Economic activity is not expected to return to its pre-pandemic levels until 2022, with the GDP growth rate projected to rise to 5.1 percent. However, the pace of recovery will depend on Thailand’s vaccination progress, the effectiveness of fiscal support, and the extent to which international tourism resumes. Exports of goods are expected to support the Thai economy in 2021, due to recovering global demand for automotive parts, electronics, machinery, and agricultural products. Risks are further tilted to the downside as the COVID-19 recovery might be delayed due to new COVID-19 variants becoming resistant to treatments or vaccines.

“Adequate testing-tracing-isolation and further progress on vaccinations will be necessary to avoid the need for lockdowns, spur a sustained increase in domestic mobility and consumption, and allow the country to reopen to foreign tourists,” according to Kiatipong Ariyapruchya, World Bank Senior Economist for Thailand. “In the long-term, reforms that lower trade costs and barriers could help maximize the benefits of the ongoing recovery of global economic activity.”

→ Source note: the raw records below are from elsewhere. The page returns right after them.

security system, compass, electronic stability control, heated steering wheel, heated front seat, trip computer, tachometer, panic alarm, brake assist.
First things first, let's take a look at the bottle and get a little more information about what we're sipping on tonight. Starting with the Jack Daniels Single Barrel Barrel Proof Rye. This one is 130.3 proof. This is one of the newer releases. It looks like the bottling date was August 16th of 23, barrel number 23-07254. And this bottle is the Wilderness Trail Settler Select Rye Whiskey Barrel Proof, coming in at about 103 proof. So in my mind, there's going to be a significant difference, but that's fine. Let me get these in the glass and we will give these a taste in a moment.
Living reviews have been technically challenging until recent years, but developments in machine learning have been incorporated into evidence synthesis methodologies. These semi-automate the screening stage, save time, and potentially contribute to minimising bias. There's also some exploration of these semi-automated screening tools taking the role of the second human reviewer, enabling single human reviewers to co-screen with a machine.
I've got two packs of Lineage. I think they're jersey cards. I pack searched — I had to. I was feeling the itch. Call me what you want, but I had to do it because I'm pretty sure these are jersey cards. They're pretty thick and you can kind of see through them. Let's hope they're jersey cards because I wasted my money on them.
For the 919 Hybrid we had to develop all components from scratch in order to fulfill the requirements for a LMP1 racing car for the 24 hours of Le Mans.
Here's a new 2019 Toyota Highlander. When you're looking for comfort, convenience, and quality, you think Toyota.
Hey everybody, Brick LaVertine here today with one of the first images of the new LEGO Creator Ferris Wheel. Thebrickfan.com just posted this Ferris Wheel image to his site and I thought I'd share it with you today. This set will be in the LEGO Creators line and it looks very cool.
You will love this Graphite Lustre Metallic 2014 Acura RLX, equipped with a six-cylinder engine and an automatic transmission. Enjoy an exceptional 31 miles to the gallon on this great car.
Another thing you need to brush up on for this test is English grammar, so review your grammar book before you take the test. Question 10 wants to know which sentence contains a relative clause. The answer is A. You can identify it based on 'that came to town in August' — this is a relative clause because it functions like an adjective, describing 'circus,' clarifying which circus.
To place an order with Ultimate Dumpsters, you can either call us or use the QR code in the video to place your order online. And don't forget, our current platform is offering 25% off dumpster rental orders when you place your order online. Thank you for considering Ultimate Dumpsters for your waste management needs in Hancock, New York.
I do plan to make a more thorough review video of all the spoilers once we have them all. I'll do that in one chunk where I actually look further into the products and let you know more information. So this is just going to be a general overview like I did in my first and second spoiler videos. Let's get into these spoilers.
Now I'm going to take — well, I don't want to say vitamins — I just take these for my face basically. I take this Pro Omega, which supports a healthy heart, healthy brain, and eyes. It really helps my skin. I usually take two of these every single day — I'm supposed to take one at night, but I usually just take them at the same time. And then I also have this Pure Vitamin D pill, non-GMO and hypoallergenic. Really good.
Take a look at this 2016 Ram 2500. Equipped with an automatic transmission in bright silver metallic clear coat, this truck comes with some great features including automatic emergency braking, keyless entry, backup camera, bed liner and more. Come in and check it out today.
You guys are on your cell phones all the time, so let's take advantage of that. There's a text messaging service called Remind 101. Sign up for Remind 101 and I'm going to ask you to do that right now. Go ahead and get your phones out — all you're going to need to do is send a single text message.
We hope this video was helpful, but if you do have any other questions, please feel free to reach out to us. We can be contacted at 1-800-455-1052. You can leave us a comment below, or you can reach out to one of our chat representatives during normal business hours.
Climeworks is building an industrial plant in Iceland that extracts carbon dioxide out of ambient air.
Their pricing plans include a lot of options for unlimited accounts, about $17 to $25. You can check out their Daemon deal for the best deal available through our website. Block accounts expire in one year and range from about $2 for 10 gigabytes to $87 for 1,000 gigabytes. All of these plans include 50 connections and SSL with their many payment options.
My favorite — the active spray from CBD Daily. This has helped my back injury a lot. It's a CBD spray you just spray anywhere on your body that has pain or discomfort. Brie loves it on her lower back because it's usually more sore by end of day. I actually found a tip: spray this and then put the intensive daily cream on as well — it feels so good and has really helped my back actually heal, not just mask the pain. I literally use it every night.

The report also recommends that the government will need to invest in strengthening Thailand’s social protection system. In the years to come it should be a priority to provide adequate support to vulnerable people, while ensuring that this support is targeted effectively to limit the overall fiscal burden. The crisis also further underscores the need to ensure that the social protection system covers the large informal sector at all times, not only during crises.